Richard Ebelacker was born into Santa Clara Pueblo in March 1946. His parents were Virginia Ebelacker and Robert Ebelacker. His maternal grandparents were Margaret Tafoya and Alcario Tafoya. He grew up learning how to make pottery from his mother and grandmother. Margaret, especially, taught him how to make exceptionally large redware and blackware pots.
Richard is the great grandson of Sarafina Tafoya, who is the mother of Margaret Tafoya. Margaret's oldest child is Virginia Ebelacker and Virginia's oldest child is Richard. All four of them were the only potters at Santa Clara who had the skill to make gigantic storage jars, some as large as 36 inches high. 36 inches is the height of your normal kitchen counter.
Constructing a large storage jar, at one time used for grain, corn or other foodstuff, is outrageously difficult. First, you need an enormous amount of hand-dug, clean clay. Coiling the pot needs to be done in stages so the pot can dry enough to support each additional coil. The pot will collapse if it cannot support itself.
Drying is slow to avoid cracking. Once the pot is dry, sanding the surface smooth creates mountains of dust. Afterwards, polishing is a real challenge. First, a slip (watery clay) is painted on to the surface and then, with a smooth river stone, the potter must rub the surface of the entire pot with the stone in a single sitting. This polishing is repeated over and over until a lustrous sheen is created. If you stop polishing, you run the risk of leaving a mark where you begin again.
The large pots were rarely decorated, and, if so, there was only a bear paw print. The most treacherous part of the process is the firing. Building a fire that big is dangerous and if the heat is not even over the entire pot, you run the risk of one area of the piece shrinking faster than the rest and having the pot crack or fall apart. Then just moving that heavy monster piece can be difficult. To make those big pieces takes strength, time, patience, determination and even more strength and talent. Today, the only Santa Clara potters who make larger pieces (but not as big as storage jars) are James Ebelacker, Richard's brother, and Jason Ebelacker, Richard's son.
Richard exhibited his gigantic pots at Santa Fe's Indian Market for 25 years and won countless awards. At the Market, potters still display their pieces on folding tables. Richard's pots were so big and tall, that every time I walked by his booth, I could never tell whether he was there, tending his work. He would peek out between or around his "forest" of pottery. He created his own shade on those hot August days.
Around 1968, Richard, along with his brother James, were encouraged by their mother Virginia to make pottery. After graduating from high school, Richard served in the U.S. Marine Corps, returning from Vietnam in 1966 to a job as a fireman in Los Alamos, New Mexico. He also was employed part time at the Los Alamos Scientific Laboratory. With two jobs, he did not have much extra time to make many of those large, time consuming pieces. He most enjoyed forming the pots and really disliked sanding them. Apparently, he was allergic to the dust! Richard died in 2010.
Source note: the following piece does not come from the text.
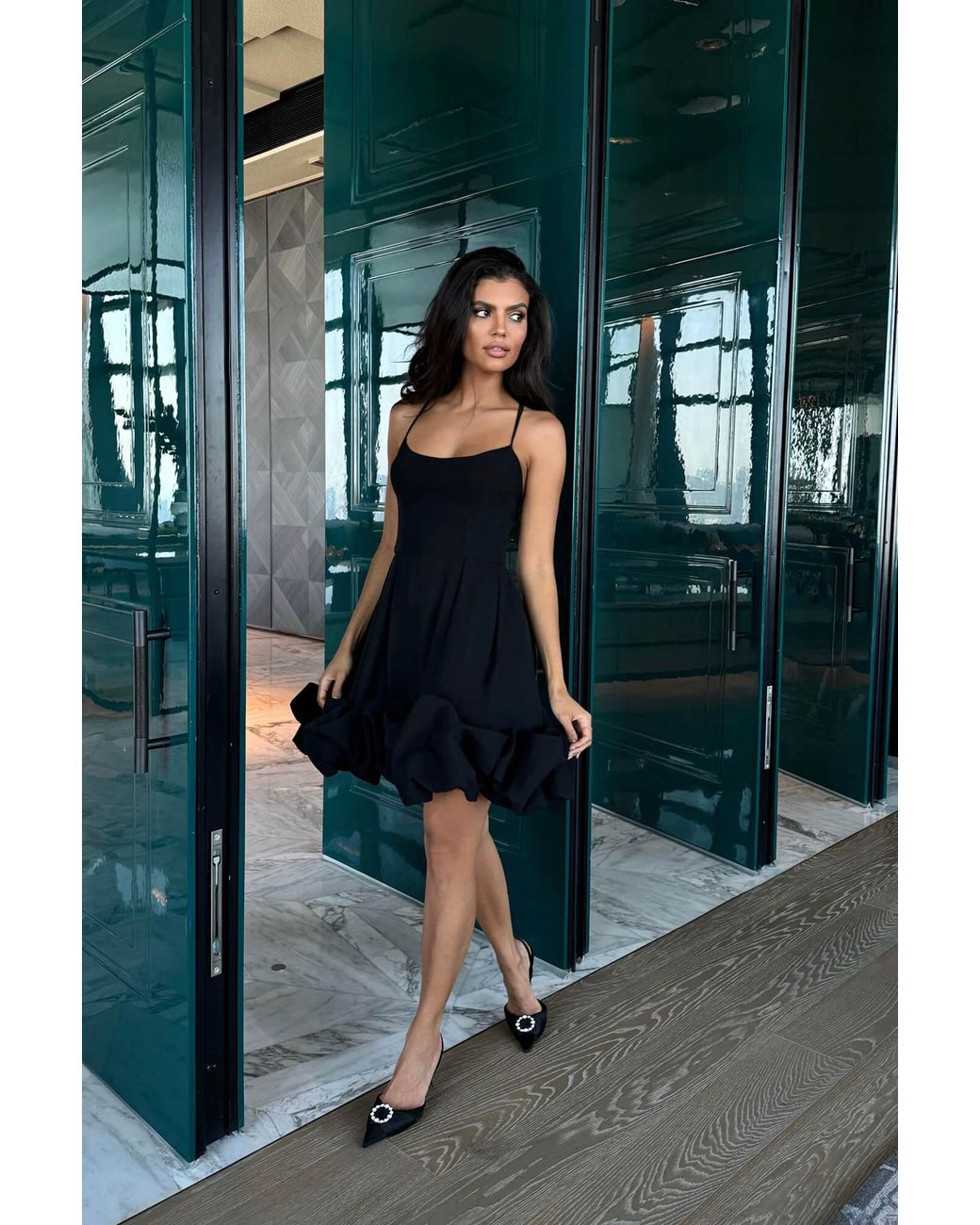 POST MERIDIEM Blue Backless Bustier Mini Dress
Santa Clara Pueblo straddles the Rio Grande about 25 miles north of Santa Fe. Of all the pueblos, Santa Clara has the largest number of potters.
The ancestral roots of the Santa Clara people have been traced to ancient pueblos in the Mesa Verde region in southwestern Colorado. When that area began to get dry between about 1100 and 1300 CE, some of the people migrated eastward, then south into the Chama River Valley where they constructed several pueblos over the years. One was Poshuouinge, built about 3 miles south of what is now Abiquiu on the edge of the Jemez foothills above the Chama River. Eventually reaching two and three stories high, and with up to 700 rooms on the ground floor, Poshuouinge was occupied from about 1375 CE to about 1475. Drought then again forced the people to move, some of them going to the area of Puye (on the eastern slopes of the Pajarito Plateau of the Jemez Mountains) and others downstream to Ohkay Owingeh (San Juan Pueblo, along the Rio Grande). Beginning around 1580 CE, drought forced the residents of the Puye area to relocate closer to the Rio Grande and they founded what we now know as Santa Clara Pueblo on the west bank of the river, with San Juan Pueblo to the north and San Ildefonso Pueblo to the south.
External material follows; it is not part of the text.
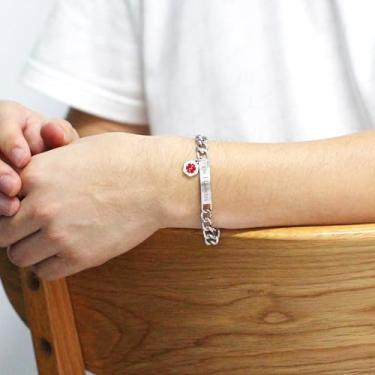 Imagem de Pulseira personalizada de identificação médica gravada para doenças, pulseira de saúde gravada com identificação à prova d'água, pulseiras sólidas de elos cubanos, aço inoxidável, 20 cm + 5 cm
In 1598 the seat of Spanish government was established at Yunque, near San Juan Pueblo. The Spanish proceeded to antagonize the Puebloans so badly that that government was moved to Santa Fe in 1610, for their own safety.
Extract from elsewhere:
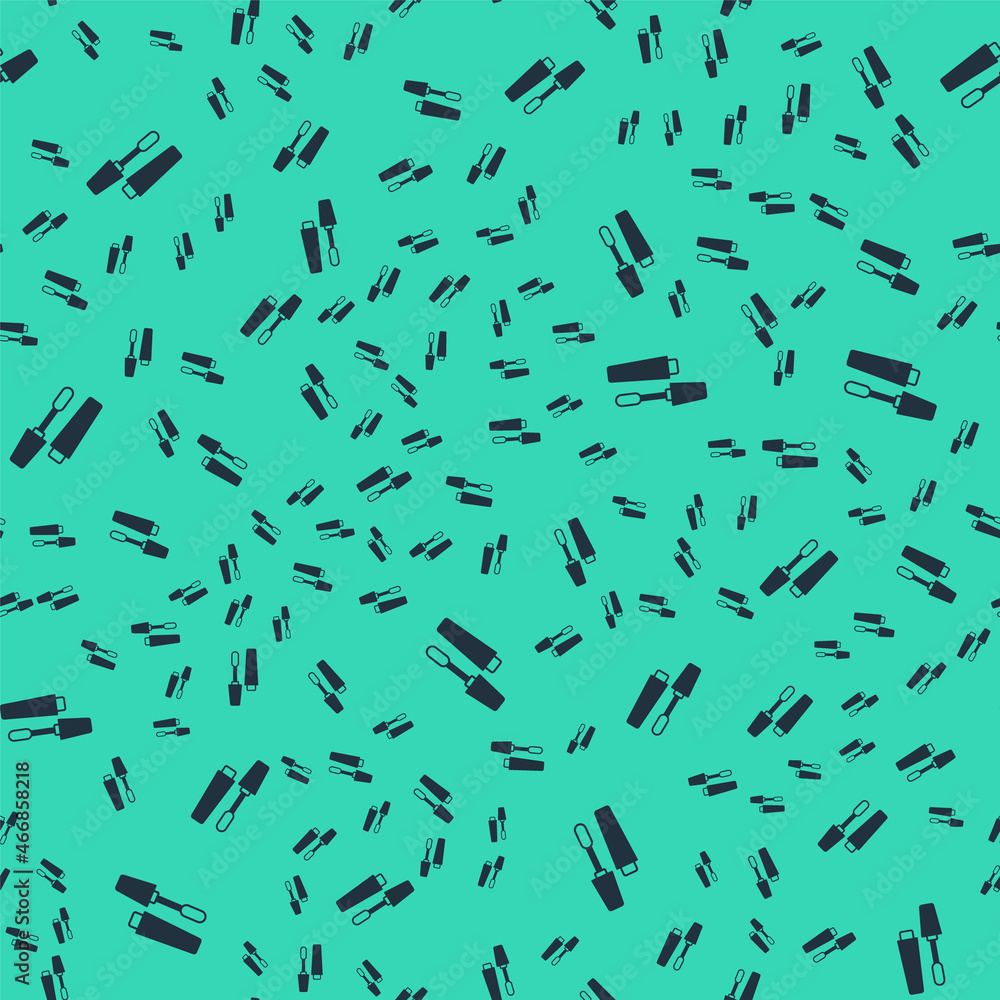 Black Mascara brush icon isolated seamless pattern on green background. Vector Black Mascara brush icon isolated seamless pattern on green background. Vector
Spanish colonists brought the first missionaries to Santa Clara in 1598. Among the many things they forced on the people, those missionaries forced the construction of the first mission church around 1622. However, like the other pueblos, the Santa Clarans chafed under the weight of Spanish rule. As a result, they were in the forefront of the Pueblo Revolt of 1680. One Santa Clara resident, a mixed black and Tewa man named Domingo Naranjo, was one of the rebellion's ringleaders. However, the pueblo unity that allowed them to chase the Spanish out fell apart shortly after their success, especially after Popé died.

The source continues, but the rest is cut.